Moritz Leuenberger wusste allerdings, dass der medienpolitische Spielraum in der medial
auslandsorientierten Schweiz nicht sehr gross ist. Deshalb betätigte er sich als
Festungswächter. Die Festung: Das war vor allem die SRG. Daneben gab es nur einen kleinen Raum
für andere. Leuenberger wollte der SRG die Werbung keinesfalls ganz wegnehmen, ihr aber auch nicht
jede Gebührenerhöhung bewilligen. Und er wünschte dezidiert eine stärker
sprachraumübergreifend aktive SRG, die ihre Integrationsfunktion wahrnimmt. SRG-Generaldirektor
Armin Walpen, der sich mit dem Minister nicht sehr gut verstand, konnte diese Position nicht recht
nachvollziehen, zumal die SRG an ihre finanziellen Grenzen stiess. Aber auch die privaten
Medienunternehmer schüttelten den Kopf über den Medienminister, weil er ihrer Meinung nach die
SRG zu wenig zurückband und sich nicht vehement genug für grössere Werbefreiheit und mehr
Gebührengelder für die Privaten einsetzte. 2001 führten die drei Medienunternehmer Roger
Schawinski (damals „Tele 24”, „Telezüri”, „Radio 24”), Albert
P. Stäheli (damals Espace Media mit „Telebärn” und „Radio ExtraBE”)
und Peter Wanner („Tele M 1” und „Radio Argovia”) wegen der Defizite ihrer
Fernsehkanäle an einer Medienkonferenz einen scharfen Angriff auf Moritz
Leuenberger.
Typisch helvetisch.

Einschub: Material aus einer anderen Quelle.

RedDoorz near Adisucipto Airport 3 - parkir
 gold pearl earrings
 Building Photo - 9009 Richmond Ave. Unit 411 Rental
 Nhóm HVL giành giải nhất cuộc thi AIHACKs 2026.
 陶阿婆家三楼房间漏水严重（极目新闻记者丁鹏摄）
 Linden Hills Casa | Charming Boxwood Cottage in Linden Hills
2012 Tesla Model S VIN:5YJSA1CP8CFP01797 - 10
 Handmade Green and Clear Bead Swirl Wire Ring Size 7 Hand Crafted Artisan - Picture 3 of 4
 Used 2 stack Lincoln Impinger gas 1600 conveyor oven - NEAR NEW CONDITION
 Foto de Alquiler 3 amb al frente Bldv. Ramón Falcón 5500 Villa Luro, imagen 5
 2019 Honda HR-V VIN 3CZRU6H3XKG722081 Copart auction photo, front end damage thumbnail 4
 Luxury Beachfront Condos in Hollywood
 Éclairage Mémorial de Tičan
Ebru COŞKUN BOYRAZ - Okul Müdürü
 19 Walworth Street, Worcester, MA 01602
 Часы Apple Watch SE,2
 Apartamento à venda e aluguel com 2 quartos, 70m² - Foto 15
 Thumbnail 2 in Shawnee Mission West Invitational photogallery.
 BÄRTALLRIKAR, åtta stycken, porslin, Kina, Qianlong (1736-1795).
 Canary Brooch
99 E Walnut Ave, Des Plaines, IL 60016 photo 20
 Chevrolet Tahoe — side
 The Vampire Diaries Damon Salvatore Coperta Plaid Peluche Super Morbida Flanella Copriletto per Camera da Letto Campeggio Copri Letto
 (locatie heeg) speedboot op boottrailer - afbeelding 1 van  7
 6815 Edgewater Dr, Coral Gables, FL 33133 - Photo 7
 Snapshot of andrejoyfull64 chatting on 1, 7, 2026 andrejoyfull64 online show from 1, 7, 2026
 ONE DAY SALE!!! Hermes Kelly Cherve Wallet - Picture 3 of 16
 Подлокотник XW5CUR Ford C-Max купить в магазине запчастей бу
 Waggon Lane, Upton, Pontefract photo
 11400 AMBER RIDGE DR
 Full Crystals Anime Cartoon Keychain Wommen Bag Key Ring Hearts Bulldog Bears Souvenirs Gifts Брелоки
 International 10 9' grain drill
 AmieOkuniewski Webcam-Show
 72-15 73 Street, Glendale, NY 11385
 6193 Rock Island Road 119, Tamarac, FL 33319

Das 2006 verabschiedete Radio- und Fernsehgesetz beliess
der SRG das Sponsoring und öffnete den Gebührentopf grosszügig für die Privaten,
allerdings um den Preis, dass der Medienminister die Sendegebiete bestimmte und über die
Konzessionsgesuche entschied. Und diese Entscheide waren nicht alle logisch und nicht alle
glücklich. Insgesamt hat Bundesrat Moritz Leuenberger die Rolle als Medienminister typisch
helvetisch interpretiert: vorsichtig, zurückhaltend, die Autonomie der Medien achtend. Am Ende
seiner Amtszeit gibt es auf jeden Fall vier Fortschritte (von denen die ersten zwei allerdings auf das
Konto der Justizminister gehen): Die Medienschaffenden dürfen jetzt Informanten schützen, in
der Verwaltung gilt neu das Öffentlichkeitsprinzip, die Unabhängige Beschwerdeinstanz für
Radio und Fernsehen UBI berät jetzt öffentlich, und die elektronischen Medien müssen sich
um die Qualität kümmern.
Roger Blum ist Professor für Medienwissenschaft
und Publizist und lebt in Köln. Er präsidiert die Unabhängige Beschwerdeinstanz UBI.